Go through the listing and set it down exactly, leaving out its pictures.

[Raw data Boundary: Start]

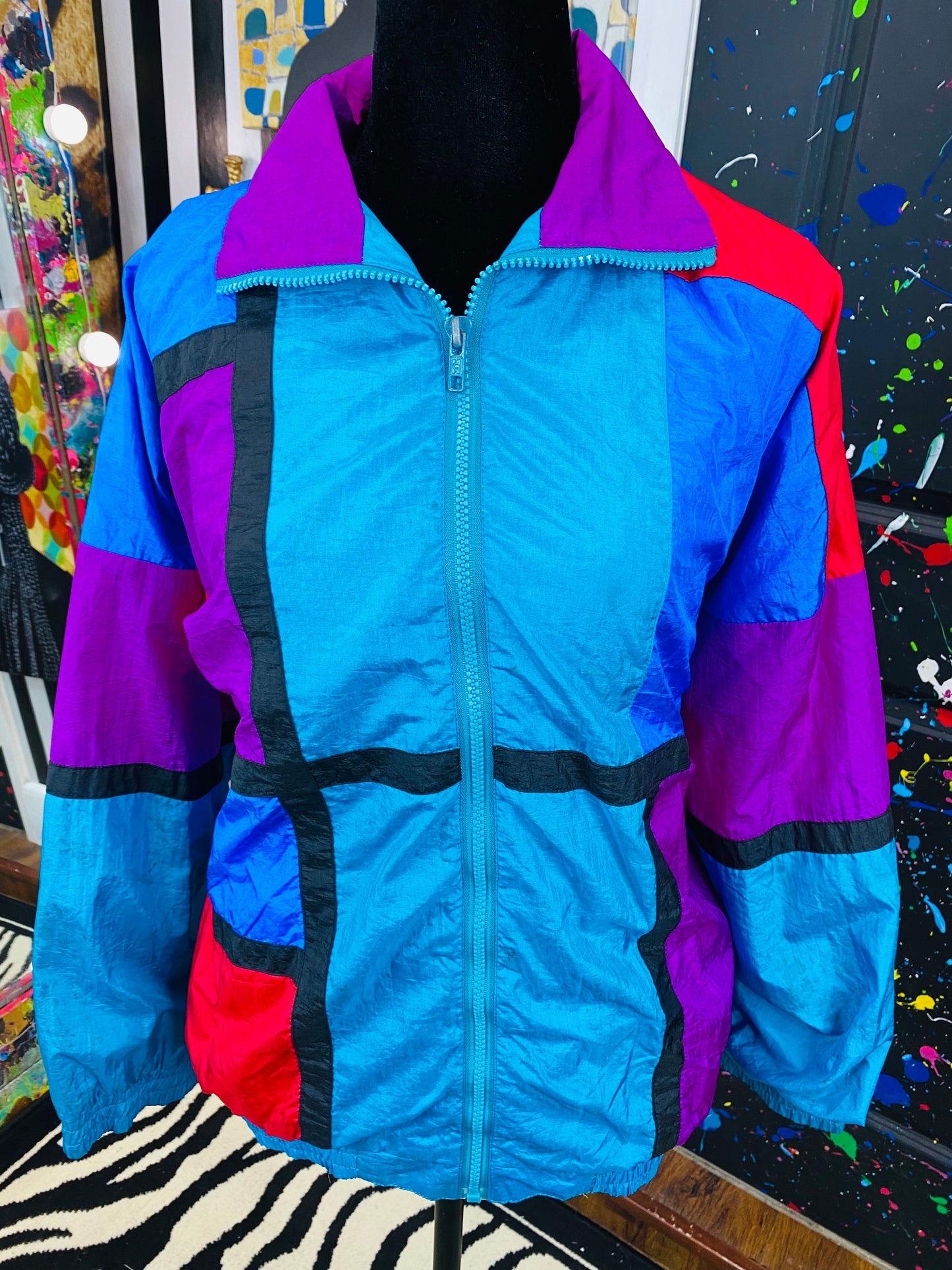 Vintage Colorblock Windbreaker Jacket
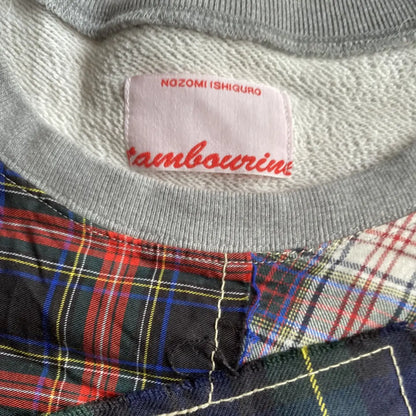 Nozomi Ishiguro - 2014 Plaids Patchwork Short Sleeve Crop Sweatshirt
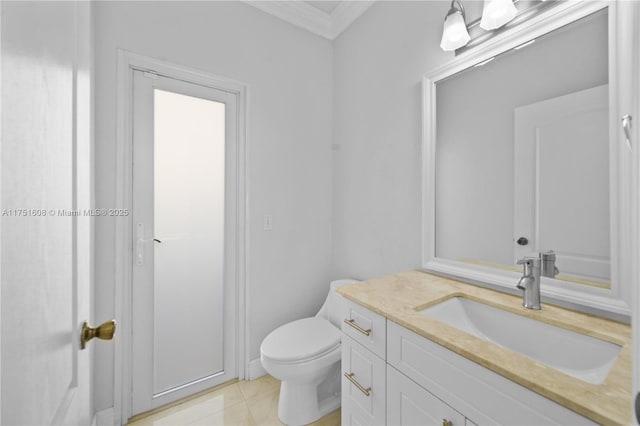 half bath with vanity, toilet, crown molding, and tile patterned flooring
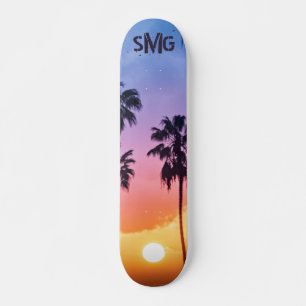 Mit Monogramm Regenbogen Sun Palm Tree Personalisi Skateboard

[Raw data Boundary: End]

[Result for this exercise]
 Vintage Colorblock Windbreaker Jacket
 Nozomi Ishiguro - 2014 Plaids Patchwork Short Sleeve Crop Sweatshirt
 half bath with vanity, toilet, crown molding, and tile patterned flooring
 Mit Monogramm Regenbogen Sun Palm Tree Personalisi Skateboard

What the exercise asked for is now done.